Es muy frecuente, al salir del teatro o de la ópera, o incluso de haber mantenido una charla en casa acompañada por el solo tic tac del reloj, que sufra lo que llamo el hostiazo de realidad.
Consiste en meterte entre pecho y espalda –por poner el último ejemplo– Peter Grimes, que se estrena hoy en Oviedo, y luego salir a la calle del viernes noche. El hostiazo de realidad camina sobre unos tacones más altos que ella, y discute con sus amigas por el rollo de Fulano, el móvil de Zutano o la hora de cierre del chigre de turno. La música alta truena por el barrio, y aturde la tranquilidad y el escalofrío que traías puesto, que tan bien te sentaba.
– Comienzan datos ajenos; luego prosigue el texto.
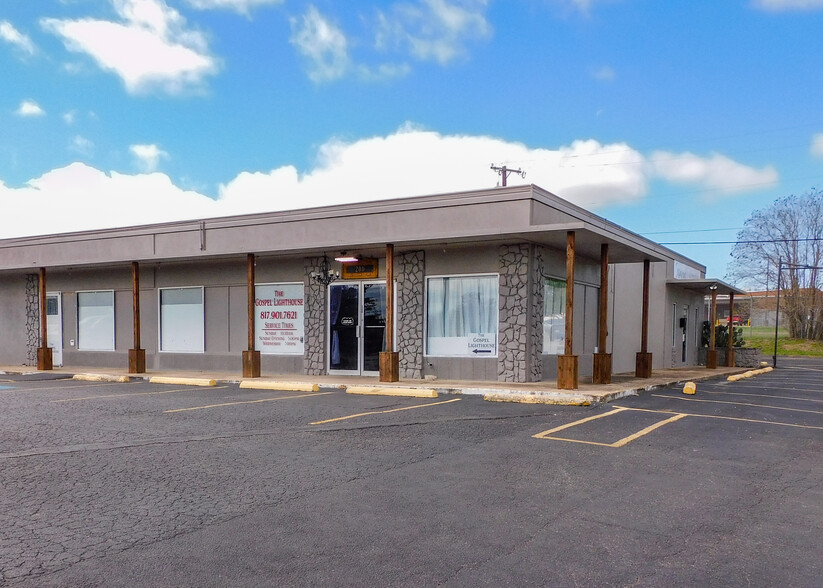 200-202 S Ridgeway Dr, Cleburne, TX à louer - Photo de l’immeuble – Image 1 sur 2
Nos metimos en ese bar tranquilo en el que aún quedaba algo para comer y, acodados en la barra, empezamos a trazar un plan para que el hostiazo de realidad no lo destruyera todo otra vez.
La idea es montar la S.P.B., o Sociedad para la Preservación de la Belleza, una organización con ánimo de lucro en la que meter todos los ahorros para comprar aforos completos de teatros, promocionar la ausencia de maquillaje entre las muchachas del lugar y sobornar a los chigreros, convencerlos de que comer con el Sálvame a todo volumen no es agradable.
Tiene que ser una cosa pretendidamente elitista y un poco repelente; tiene que ser algo que llevemos en secreto para poder apearnos de tan encomiable empresa cinco o seis noches al mes sin que nadie nos mire raro. Tiene que ser un plan meticuloso y algo retorcido para que dé ese lucro que aún no sabemos de dónde saldrá o en qué consiste.
La emoción, escuché, se mide por la altura del esófago hasta la que trepa el nudo correspondiente. Solo queremos que deje de vivir en el píloro, y encuentre acomodo en la misma garganta, y que no vuelva a bajar más que cuando se lo pidamos.